I've been trying different ways of doing practice questions and still haven't found the best groove on handling the very long stems
What are your thoughts on these situations :
On shorter questions, I'll try reading from the first sentence all the way to the end and final question, then look for the answer.
On the longer ones, I'll read the last sentence/question and then go to the top and continue as I would on the shorter stem approach. I've found that sometimes I forget what the question was while reading through the longer question though. Or sometimes, forget what the first few sentences of the question was.

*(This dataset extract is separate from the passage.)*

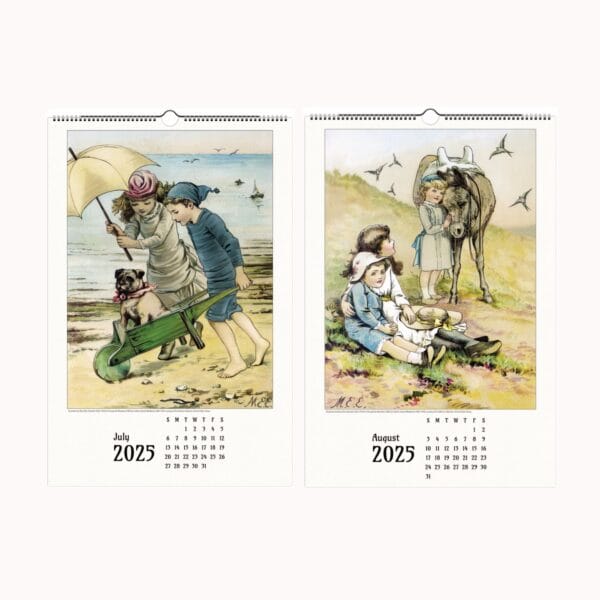 Mary Ellen Edwards Wall Calendar with Victorian art, childhood innocence, and rural life illustrations. Perfect for home decor, gifts, and collectors.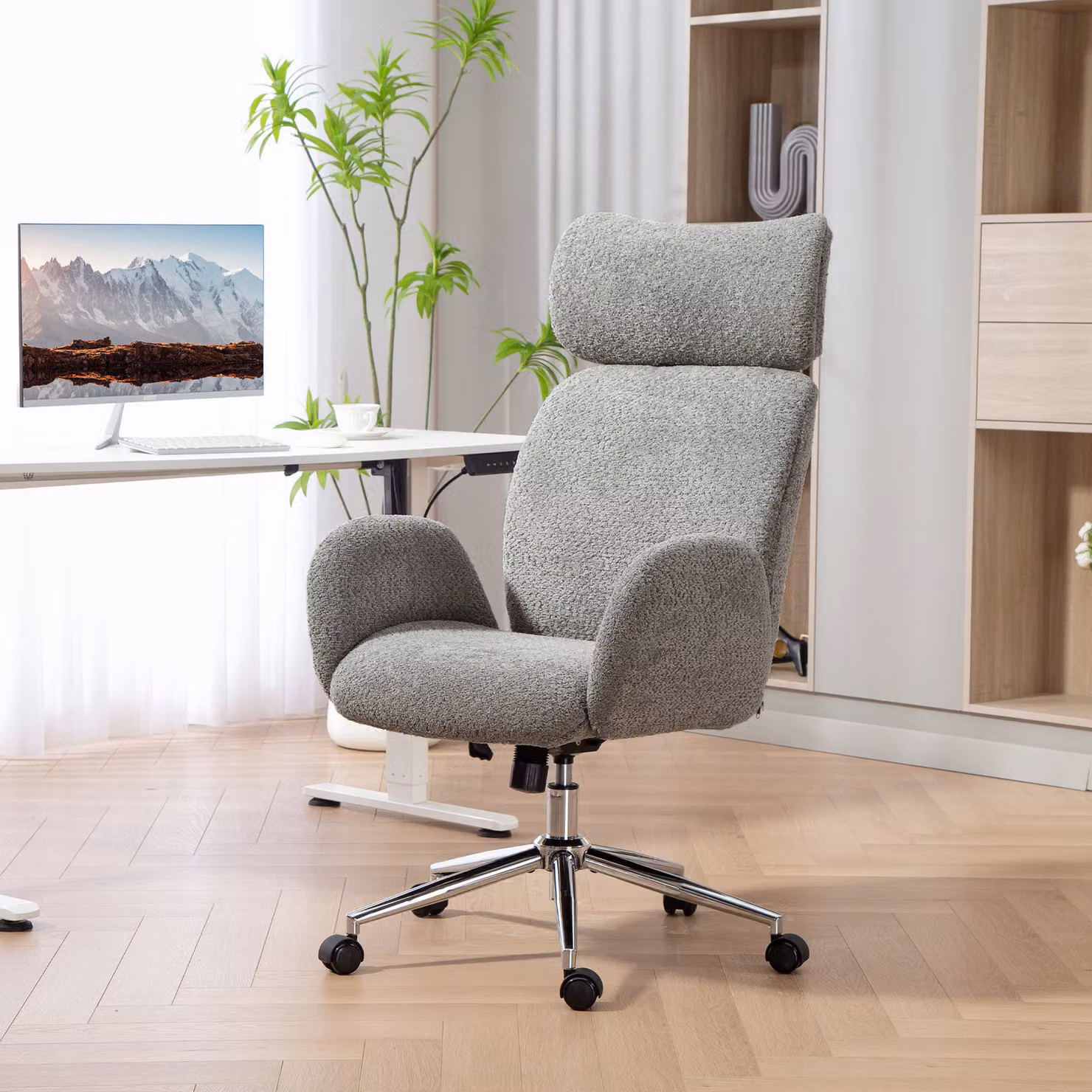Sedia da ufficio ergonomica HOMCOM con poggiatesta regolabile e braccioli, colore grigio antracite in tessuto bouclé – 2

On question items with more than 5-6 choices and a long stem, I pray and look at the last question sentence, find an answer to consider, and then go to the first sentence through in case I missed something and finally select/confirm the answer.
The other thing is trying to figure out how not to do a double take or double read the question in where now, it's more than 70-90 seconds or more. When it comes to questions with very long stems or have a long list of labs, that's another thing on where that part should be integrated.
I read some experiences here where some would look at the last question/sentence, glance at the answers to frame the mind and then go to the top and all the way through. They say, you should already have an answer before even looking at the answer but that doesn't always seem the case.
In the end, I've had to use the ruling out of answers knowing that X, Y, Z are wrong and that helps a bit. I also tried playing with the highlighting feature but found that to be a bit more time consuming and distracting. I took a practice exam at prometric the other day and noticed a lot of people taking the steps, using the highlight feature though when I was taking a break. Is that a common thing a lot of people do?
There were some good recommendations here of marking long vignettes also, put an answer and go back to it after to not lose time on other questions. Maybe mark and leave blank the 2-3 locked sequential answers to save near the end to not get demoralized in case you find you answer it wrong when seeing the next sequence where they state or hint to that previous answer.
Seems drug ads are also easy points not to miss and something to put a better strategy on also.